Getting Started: A Step-by-Step Guide for Beginners

If you are setting up a worm bin or bokashi system for the first time, the following steps will help you get going without making the common mistakes that put beginners off.

  1. Choose your method. Consider how much food waste you generate each week, whether you have any outdoor space to offload finished material, and your budget. Most beginners in small flats find bokashi the easiest starting point because it is enclosed, handles a wide variety of food, and requires no ongoing care beyond adding bran.
  2. Source your equipment. Order online from UK-based suppliers like Wiggly Wigglers (Herefordshire), Original Organics (Devon), or Green Gardener (Norfolk). All offer beginner kits with instructions. Alternatively, check whether your local council sells subsidised compost bins – many still do through the national Getcomposting.com scheme or local partnerships.
  3. Set up in the right location. Keep bokashi buckets in a cool, dark spot away from direct sunlight. Place worm bins somewhere with a stable temperature – an airing cupboard, under the kitchen sink, or inside a well-insulated balcony box. Avoid anywhere that drops below 10°C regularly.
  4. Start collecting scraps before you begin. Keep a small, lidded caddy on your worktop to collect scraps between adding them to your system. Line it with a compostable bag or simply rinse it every couple of days. IKEA’s VARIERA bin and similar compact caddies work well for this purpose.
  5. Add material in the correct layers. For bokashi: add a layer of scraps, sprinkle bran, press down firmly, and seal the lid. For worm bins: bury food under existing bedding material, rotate the area where you add food each time, and keep the surface moist but not wet.
  6. Monitor and adjust. Check your system weekly. A healthy worm bin smells earthy. A healthy bokashi bin smells slightly pickled or fermented. Any foul, putrid smell suggests something has gone
    wrong. For worm bins, this usually means the bin is too wet, too acidic, or has been overfed — remove excess food, add dry shredded cardboard, and reduce feeding for a week.

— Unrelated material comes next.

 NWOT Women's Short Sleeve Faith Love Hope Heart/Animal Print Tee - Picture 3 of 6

For bokashi, a foul smell often means the bran was insufficient or the seal was broken; drain the liquid more frequently and ensure the lid is pressed down firmly after every addition.
  7. Troubleshooting is a normal part of the process, particularly in the first few months. Worms take time to establish and will not consume food at full capacity until the colony is settled, which can take six to eight weeks. During this period, feed sparingly — roughly half what you expect the bin to handle — and resist the temptation to add too much variety too quickly. Citrus peel, onions, and garlic should be kept to a minimum in worm bins as they can irritate the worms and alter the pH of the bedding. Bokashi is more forgiving in this respect and will accept most cooked and uncooked kitchen waste, including meat, fish, and dairy, making it a practical choice for flats where cooking scraps are varied.

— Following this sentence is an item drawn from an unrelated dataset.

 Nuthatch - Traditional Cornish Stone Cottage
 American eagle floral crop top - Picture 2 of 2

    Both systems produce valuable outputs for gardeners, even those without a garden. Bokashi pre-compost can be offered to neighbours with allotments, local community growing projects, or composting schemes run by many London boroughs and other city councils. Worm castings and liquid feed can be used on houseplants, window boxes, or balcony containers. The liquid from a bokashi bin, diluted at roughly one part to one hundred parts water, makes an effective liquid feed for potted plants and can also be poured neat down drains to help break down organic matter and reduce odours. Neither system requires outdoor space, and both can be maintained discreetly in a kitchen cupboard, under the sink, or on a balcony.

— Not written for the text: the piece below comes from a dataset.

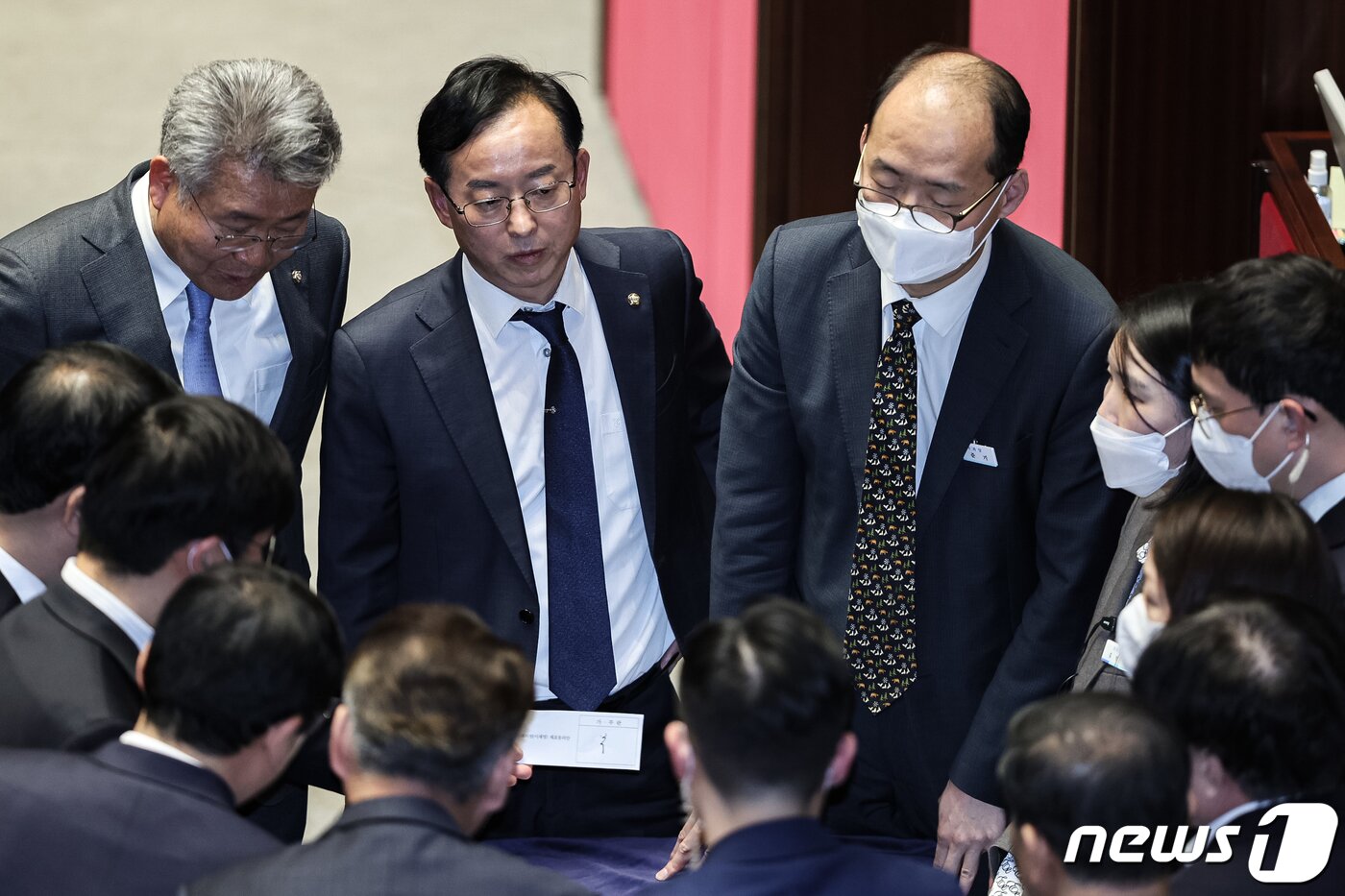 본문 이미지 - 27일 서울 여의도 국회에서 열린 제403회 국회(임시회) 제8차 본회의에서 국회의원 이재명에 대한 체포동의안 개표 과정 중 감표위원들이 무효표 여부에 대해 논쟁을 벌이고 있다. 2023.2.27/뉴스1 ⓒ News1 이재명 기자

    Composting in a flat is not the compromise it might initially appear to be. With the right system in place, most of a household’s food waste — including items that cannot go into kerbside food waste collections in some areas — can be processed at home, reducing the volume of material sent to landfill and producing something genuinely useful in return. Whether you opt for a worm bin, a bokashi kit, or a combination of both, the key is to start small, stay consistent, and adjust as you learn what works for your kitchen and your routine.